> Exercise objective:
Pull every line that includes the word "cabinets" from the data.

> Data extracts:

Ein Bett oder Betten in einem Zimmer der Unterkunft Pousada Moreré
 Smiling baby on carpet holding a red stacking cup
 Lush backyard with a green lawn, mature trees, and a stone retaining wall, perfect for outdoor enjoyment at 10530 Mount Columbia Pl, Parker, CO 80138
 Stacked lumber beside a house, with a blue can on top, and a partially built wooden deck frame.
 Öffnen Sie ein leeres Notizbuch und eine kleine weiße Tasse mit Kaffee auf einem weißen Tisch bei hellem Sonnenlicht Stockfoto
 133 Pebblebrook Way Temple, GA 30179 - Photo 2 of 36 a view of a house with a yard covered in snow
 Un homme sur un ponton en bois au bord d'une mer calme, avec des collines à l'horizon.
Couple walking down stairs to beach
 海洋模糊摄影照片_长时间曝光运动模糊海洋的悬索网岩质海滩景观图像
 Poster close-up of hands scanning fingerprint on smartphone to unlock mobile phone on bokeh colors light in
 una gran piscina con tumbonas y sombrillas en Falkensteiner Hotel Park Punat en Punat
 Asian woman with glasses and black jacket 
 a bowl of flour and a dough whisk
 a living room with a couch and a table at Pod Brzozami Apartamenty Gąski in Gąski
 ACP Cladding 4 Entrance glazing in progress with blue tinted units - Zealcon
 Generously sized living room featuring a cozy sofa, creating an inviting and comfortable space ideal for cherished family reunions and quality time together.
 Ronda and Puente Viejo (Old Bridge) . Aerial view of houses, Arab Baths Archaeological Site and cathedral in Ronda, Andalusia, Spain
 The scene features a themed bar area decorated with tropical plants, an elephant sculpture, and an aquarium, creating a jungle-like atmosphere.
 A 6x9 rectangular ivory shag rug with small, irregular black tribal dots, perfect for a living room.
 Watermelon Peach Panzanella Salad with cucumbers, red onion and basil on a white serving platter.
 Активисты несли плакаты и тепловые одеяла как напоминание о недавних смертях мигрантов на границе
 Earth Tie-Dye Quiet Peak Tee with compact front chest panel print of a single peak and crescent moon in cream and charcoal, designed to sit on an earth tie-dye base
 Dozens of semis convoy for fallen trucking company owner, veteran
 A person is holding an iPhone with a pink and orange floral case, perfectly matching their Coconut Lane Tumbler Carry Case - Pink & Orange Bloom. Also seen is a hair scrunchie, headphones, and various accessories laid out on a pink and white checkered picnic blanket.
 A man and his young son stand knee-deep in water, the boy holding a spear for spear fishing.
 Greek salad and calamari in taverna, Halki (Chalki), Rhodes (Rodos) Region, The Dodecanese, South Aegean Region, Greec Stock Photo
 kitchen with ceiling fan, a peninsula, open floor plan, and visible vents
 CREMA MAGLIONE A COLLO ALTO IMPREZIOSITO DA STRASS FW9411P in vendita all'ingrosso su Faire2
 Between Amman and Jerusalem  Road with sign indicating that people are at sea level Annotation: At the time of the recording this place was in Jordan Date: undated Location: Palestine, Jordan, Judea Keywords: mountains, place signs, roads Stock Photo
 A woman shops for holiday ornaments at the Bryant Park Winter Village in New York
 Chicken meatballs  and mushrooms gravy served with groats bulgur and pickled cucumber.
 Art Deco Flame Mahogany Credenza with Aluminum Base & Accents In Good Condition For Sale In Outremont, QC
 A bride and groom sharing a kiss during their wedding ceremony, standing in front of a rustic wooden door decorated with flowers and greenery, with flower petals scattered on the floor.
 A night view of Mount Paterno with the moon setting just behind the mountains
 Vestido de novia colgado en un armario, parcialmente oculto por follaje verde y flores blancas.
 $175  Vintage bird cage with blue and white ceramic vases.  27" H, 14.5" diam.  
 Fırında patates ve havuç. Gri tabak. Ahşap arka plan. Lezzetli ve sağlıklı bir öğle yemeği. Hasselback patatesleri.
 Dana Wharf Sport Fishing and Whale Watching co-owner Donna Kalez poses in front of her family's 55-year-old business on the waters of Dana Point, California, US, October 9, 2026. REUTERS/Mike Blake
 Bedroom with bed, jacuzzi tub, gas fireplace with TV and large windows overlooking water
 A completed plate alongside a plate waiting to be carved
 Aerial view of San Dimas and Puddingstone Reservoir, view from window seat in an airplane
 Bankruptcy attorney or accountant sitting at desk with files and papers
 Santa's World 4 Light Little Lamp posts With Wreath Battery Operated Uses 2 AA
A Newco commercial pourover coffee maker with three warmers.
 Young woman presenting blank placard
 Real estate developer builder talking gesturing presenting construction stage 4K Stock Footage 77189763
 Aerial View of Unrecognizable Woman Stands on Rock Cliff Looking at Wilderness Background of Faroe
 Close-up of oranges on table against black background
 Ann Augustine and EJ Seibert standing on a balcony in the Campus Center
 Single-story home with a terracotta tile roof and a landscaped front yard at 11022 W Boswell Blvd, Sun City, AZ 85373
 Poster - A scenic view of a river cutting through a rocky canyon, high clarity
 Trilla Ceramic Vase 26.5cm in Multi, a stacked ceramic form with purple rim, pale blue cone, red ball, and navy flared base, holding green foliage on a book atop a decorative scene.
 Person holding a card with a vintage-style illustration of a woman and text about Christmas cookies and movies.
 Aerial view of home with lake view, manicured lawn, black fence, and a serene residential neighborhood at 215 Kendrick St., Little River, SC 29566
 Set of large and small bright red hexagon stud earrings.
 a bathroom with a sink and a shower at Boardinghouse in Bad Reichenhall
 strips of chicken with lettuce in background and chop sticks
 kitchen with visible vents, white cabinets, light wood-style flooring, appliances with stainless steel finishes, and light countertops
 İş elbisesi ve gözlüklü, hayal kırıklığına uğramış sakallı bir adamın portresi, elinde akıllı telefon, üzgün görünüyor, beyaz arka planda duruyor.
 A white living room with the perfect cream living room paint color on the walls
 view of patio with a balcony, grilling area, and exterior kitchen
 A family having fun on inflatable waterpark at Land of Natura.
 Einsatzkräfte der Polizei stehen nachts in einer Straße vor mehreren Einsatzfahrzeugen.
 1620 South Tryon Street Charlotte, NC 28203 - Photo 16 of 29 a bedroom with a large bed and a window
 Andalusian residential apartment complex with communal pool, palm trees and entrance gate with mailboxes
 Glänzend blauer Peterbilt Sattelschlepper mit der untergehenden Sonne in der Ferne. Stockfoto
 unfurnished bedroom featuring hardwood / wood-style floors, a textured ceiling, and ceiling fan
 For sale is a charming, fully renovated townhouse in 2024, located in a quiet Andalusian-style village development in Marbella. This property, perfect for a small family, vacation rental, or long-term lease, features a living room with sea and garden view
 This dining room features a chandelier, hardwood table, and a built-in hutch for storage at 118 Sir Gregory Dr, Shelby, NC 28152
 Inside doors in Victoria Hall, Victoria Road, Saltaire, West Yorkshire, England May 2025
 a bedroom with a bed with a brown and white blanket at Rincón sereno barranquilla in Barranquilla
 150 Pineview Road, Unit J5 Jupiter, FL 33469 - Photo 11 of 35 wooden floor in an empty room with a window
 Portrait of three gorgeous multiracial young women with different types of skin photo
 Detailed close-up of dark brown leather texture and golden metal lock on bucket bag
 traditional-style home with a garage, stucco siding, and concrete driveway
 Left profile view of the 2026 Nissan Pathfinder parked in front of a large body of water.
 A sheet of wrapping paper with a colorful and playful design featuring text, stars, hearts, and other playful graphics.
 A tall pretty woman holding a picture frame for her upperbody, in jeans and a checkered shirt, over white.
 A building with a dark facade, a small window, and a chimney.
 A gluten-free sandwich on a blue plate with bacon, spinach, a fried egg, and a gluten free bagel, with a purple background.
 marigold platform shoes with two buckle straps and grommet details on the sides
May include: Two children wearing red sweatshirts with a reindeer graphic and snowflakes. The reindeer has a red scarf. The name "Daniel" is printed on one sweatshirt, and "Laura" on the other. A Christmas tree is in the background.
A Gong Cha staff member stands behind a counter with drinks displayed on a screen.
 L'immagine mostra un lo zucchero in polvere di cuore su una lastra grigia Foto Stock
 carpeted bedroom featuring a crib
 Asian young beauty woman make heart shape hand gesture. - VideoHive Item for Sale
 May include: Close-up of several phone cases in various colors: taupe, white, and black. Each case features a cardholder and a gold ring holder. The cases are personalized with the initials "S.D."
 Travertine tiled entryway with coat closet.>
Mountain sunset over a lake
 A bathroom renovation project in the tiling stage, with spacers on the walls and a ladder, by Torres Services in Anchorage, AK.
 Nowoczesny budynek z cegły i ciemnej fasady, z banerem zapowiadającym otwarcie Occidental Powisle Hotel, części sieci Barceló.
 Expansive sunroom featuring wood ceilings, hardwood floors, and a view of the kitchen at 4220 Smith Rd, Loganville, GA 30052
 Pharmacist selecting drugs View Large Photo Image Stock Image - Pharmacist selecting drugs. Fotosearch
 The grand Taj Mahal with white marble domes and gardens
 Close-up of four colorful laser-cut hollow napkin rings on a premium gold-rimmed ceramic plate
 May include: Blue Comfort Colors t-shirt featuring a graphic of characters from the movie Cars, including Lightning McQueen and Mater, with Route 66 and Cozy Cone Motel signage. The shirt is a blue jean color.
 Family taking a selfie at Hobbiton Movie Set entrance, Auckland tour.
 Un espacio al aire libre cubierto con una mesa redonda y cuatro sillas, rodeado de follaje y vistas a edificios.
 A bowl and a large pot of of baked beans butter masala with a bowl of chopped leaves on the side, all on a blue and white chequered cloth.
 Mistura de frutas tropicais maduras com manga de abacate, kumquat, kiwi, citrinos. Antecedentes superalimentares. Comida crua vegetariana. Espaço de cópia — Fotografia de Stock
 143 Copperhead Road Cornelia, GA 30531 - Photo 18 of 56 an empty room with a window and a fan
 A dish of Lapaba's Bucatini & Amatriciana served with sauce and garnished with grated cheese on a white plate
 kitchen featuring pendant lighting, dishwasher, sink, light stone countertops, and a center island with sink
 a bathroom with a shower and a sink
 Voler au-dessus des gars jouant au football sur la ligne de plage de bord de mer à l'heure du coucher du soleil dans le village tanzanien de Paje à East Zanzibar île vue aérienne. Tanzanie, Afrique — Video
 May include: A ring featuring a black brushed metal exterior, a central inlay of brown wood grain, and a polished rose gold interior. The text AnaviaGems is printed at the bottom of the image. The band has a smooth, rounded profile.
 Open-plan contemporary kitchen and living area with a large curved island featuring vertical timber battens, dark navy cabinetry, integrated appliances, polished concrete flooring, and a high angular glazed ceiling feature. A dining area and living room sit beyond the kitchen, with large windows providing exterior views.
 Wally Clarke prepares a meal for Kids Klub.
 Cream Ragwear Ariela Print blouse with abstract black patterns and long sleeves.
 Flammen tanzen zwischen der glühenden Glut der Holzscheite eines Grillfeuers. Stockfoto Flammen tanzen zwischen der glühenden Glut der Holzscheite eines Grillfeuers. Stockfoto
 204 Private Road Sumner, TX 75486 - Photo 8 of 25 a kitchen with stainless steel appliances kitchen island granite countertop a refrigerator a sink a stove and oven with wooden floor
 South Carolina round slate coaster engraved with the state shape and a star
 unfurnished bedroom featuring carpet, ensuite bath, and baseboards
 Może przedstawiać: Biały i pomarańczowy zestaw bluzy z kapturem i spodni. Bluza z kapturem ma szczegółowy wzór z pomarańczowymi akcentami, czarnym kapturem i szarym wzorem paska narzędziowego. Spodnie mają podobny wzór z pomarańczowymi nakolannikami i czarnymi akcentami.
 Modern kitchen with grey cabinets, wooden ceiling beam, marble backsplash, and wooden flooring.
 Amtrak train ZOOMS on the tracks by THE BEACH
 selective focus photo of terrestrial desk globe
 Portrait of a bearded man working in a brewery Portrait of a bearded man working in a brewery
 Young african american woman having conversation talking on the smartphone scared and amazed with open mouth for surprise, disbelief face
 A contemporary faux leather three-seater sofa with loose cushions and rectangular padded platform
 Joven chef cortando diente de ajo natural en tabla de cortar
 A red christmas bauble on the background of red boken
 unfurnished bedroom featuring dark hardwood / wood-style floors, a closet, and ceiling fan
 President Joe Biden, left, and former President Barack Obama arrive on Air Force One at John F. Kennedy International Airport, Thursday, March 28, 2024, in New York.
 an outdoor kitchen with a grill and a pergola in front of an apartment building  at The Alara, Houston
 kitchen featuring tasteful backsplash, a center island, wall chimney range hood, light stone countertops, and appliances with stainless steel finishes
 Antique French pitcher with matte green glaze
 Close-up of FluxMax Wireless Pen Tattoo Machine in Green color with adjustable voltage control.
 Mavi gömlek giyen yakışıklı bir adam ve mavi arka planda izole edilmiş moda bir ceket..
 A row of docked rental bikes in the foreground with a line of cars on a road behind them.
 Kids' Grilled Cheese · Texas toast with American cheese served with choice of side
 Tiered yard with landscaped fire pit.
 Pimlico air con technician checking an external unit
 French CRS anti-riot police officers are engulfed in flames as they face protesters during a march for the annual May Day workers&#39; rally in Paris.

> Output for this task:
 kitchen with visible vents, white cabinets, light wood-style flooring, appliances with stainless steel finishes, and light countertops
 Modern kitchen with grey cabinets, wooden ceiling beam, marble backsplash, and wooden flooring.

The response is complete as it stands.